This is not innovation, but they haven't innovated in years. Witherspoon and Aniston should have gotten more.

Bob_R said...

I'm using a wireless mouse that is rendered useless when it is being recharged. It's a small thing, but one of the reasons I'm skeptical of Cook's leadership. Apple used to get the small things right.

Apple's music delivery service had a huge head start because of the iPod and iTunes. It has squandered that with worse and worse versions of iTunes. Chris Thiele had a joke - "Apple: Well, we can't make it sound as good as vinyl; maybe we can make it as inconvenient as vinyl." I have a large music library loaded in to iTunes, but now use Spotify almost exclusively.

So I'll be very surprised if they can make a go with video. They are behind and it's been a long time since they've succeeded at something new.

Rigelsen said...

Notice that it never has been “Apple Music”, but rather “iTunes”. Why? Likelihood of confusion with Apple Records.

You’re a bit out of date. Apple Music already exists. It’s their subscription music service.
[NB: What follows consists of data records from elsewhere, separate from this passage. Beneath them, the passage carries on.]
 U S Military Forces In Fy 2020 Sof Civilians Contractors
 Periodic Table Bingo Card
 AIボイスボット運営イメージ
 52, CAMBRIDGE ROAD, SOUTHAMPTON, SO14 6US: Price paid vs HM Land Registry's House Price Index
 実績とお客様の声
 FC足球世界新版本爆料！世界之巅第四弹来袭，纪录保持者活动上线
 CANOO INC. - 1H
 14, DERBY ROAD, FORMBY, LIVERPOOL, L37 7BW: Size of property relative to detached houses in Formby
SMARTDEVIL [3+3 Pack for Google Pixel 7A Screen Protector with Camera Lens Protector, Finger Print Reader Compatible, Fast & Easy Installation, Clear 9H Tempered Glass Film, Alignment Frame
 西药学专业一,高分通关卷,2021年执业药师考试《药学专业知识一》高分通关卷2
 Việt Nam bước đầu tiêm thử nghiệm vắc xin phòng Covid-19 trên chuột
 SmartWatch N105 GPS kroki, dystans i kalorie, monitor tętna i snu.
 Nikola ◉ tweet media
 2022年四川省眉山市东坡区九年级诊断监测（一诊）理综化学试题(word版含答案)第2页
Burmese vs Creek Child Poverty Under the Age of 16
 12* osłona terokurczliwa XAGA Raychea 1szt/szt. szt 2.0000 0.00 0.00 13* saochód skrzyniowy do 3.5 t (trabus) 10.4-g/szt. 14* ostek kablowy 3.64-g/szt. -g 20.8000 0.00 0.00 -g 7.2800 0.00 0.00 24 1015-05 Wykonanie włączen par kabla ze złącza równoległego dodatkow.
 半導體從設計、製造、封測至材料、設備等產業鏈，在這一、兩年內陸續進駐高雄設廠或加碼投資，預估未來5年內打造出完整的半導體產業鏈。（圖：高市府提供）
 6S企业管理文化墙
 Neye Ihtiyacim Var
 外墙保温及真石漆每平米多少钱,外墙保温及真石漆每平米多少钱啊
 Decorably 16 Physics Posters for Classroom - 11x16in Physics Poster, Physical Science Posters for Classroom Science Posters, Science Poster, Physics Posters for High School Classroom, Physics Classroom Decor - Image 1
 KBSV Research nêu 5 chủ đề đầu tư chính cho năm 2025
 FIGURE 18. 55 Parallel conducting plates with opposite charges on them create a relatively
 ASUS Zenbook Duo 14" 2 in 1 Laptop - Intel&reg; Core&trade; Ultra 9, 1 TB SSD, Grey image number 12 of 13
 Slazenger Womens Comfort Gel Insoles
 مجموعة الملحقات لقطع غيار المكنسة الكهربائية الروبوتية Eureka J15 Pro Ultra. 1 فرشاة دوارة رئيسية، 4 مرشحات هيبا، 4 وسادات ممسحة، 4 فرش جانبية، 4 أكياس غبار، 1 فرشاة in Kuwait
Apple and Apple Records struck a deal a decade or more ago to resolve all trademark issues between them. Apple now owns the trademark full and clear, and licenses it to Apple Records for use as part of that specific mark. However, Apple is free to do anything else it wants with the mark, including music or wherever.

Ralph L said...

A conglomerate is so 20th century foxy.

It'll be spun off or sold later when Apple is in decline, having sped up that decline.

Kevin said...

Apple did pretty well diversifying into the music business, but that's probably saturating too.

The Apple way was to disrupt the music business.

There is a way to disrupt the entertainment business, but since they've failed to do that with AppleTV, I have no hope they have what it takes to disrupt Hollywood.

And if I want to invest in movies, there are plenty of other places who've already proven they know how to work the current system better than Apple can.

Maillard Reactionary said...

Even disrupted business models eventually lead to saturated markets.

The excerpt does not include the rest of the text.